L-Post : Comment en arrive-t-on à choisir cette voie et y-a-t-il des formations au métier de « voix off » ?

Béatrice Marlier : Il n’y a pas véritablement de formation ou d’école. La plupart des « voix » qui tournent sont en grande partie des personnes qui viennent de la radio ou du théâtre, ou qui ont fait du doublage, et que l’on vient chercher parce qu’elles ont une « bonne » voix, à savoir une voix qui passe bien sur les ondes. Cela ne s’apprend en tout cas pas dans les livres. La meilleure formation, c’est la pratique et le terrain. Et puis, il faut aussi avoir une bonne oreille musicale. Personnellement, je n’ai aucune formation artistique et je ne viens ni de la radio, ni du théâtre. En revanche, j’ai une très bonne capacité à restituer avec justesse ce que j’entends. A mes débuts d’ailleurs, je passais mon temps à écouter les pubs et à les reproduire. J’imitais aussi les voix des dessins animés. Un jour, j’ai dépanné mon petit ami de l’époque, un ingénieur du son, dont la voix prévue en studio ne s’est pas présentée, et c’est de là que tout est parti.

L-Post : C’est quoi « avoir une belle voix » et pourquoi est-on venu chercher la vôtre à la SNCB ?

B.M : Il n’y a pas, à proprement parler, de « belles voix ». Je pense que beaucoup de voix sont bonnes et peuvent trouver leur créneau. L’essentiel est d’avoir un panel de possibilités, des sonorités graves aux plus aiguës. Et puis, surtout, il faut savoir bien interpréter un texte et lui donner l’énergie qu’il faut, dans le timing imposé. Le « jeu » est très technique. On peut avoir la plus « belle voix » du monde, un beau timbre, mais si on ne sait rien en faire, cela ne donnera rien.

L-Post : Cela fait près de 30 ans que vous faites ce métier. Est-ce que votre voix a changé et ce que l’on vous propose a-t-il évolué en fonction ?

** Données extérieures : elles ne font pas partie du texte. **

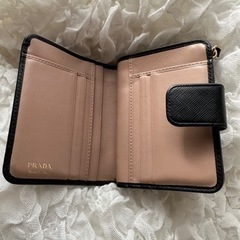 PRADA 財布の画像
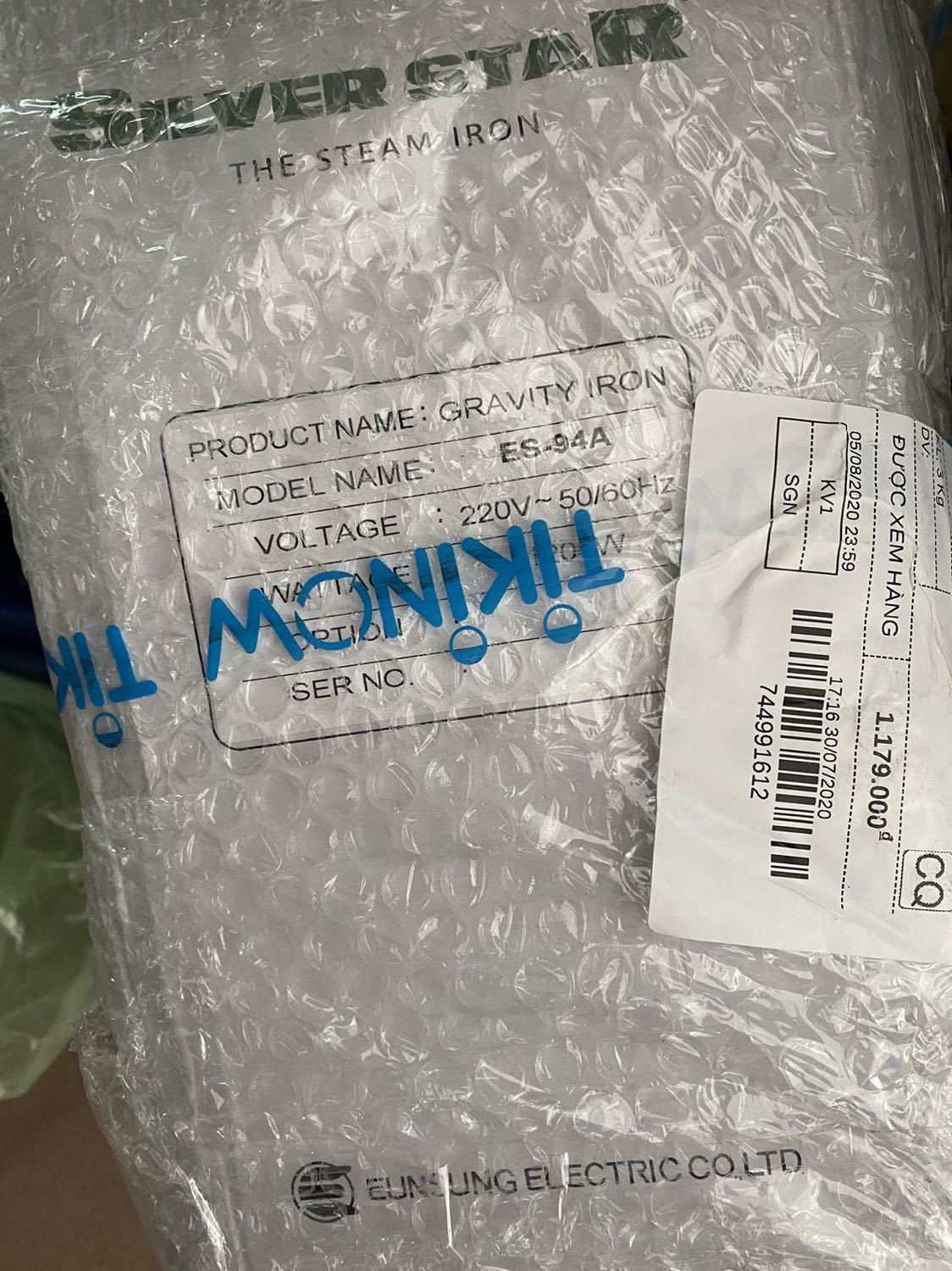 Hàng không giống mô tả , không tem nhập khẩu, chữ ở bình nước thì lem nhem . Không biết có phải hàng chính hãng không. chua dùng thu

B.M : Ma voix n’a pas véritablement changé, pas de manière flagrante en tout cas, comparativement à Jeanne Moreau, par exemple, qui est fortement tombée dans le grave. Par contre, je me suis améliorée dans le jeu, dans le timing. Je suis principalement speaker, je ne suis pas comédienne. Je suis donc très souvent prise pour des pack-shots, du corporate, des guides ou encore de l’e-learning.

J’ai été choisie sur base d’un casting vocal lancé par la SNCB.  Nous étions plusieurs prestataires en concurrence.

L-Post: Est-ce qu’une voix s’entretient afin de la préserver dans le temps ?

B.M : En ce qui me concerne, je ne fais rien, si ce n’est porter très souvent une écharpe car je suis assez sensible à ce niveau-là. Certains de mes collègues boivent du jus de citron, un verre d’eau chaude, prennent du miel. J’ai régulièrement un chat dans la gorge, mais une fois devant le micro, le chat disparaît…

L-Post : Vous êtes aujourd’hui la voix du rail en Belgique, une belle aventure ?

B.M : J’ai été choisie sur base d’un casting vocal lancé par la SNCB.  Nous étions plusieurs prestataires en concurrence. En studio, j’ai dû enregistrer, en plusieurs sessions, des morceaux de phrases-clés sur différents rythmes et diverses tonalités. Comme par exemple : « attention, voie 4, le train au départ de Liège entre en gare ». Et puis, toutes les gares du pays enregistrées plusieurs fois : « Braine-Le-Comte-Tubize-Hennuyère », « Tubize-Hennuyère-Hall », « Hennuyères-Hall-Bruxelles midi « , de façon à ce que chaque gare soit lue en entrée, milieu ou fin de phrase.

Je me souviens d’un enregistrement en particulier où je devais faire une voix qui parlait la bouche pleine.

L-Post : Reconnaissez-vous toujours votre voix lorsqu’elle passe ?

B.M : Pratiquement à chaque fois. Mais parfois, c’est le texte que je reconnais d’abord et là je me dis : « Tiens, c’est moi ».

L-Post : Y-a-t-il un enregistrement drôle ou cocasse qui vous a laissé un bon souvenir ?

B.M : Il y en a plusieurs, mais je me souviens d’un enregistrement en particulier où je devais faire une voix qui parlait la bouche pleine. On m’avait donc donné une banane pour lire mon texte. Ce n’était pas évident comme « accessoire ». Je m’en étais remplie les joues et on me disait « on recommence, on en refait encore une » et comme je suis gourmande, je n’avais qu’une seule envie …. c’était de l’avaler.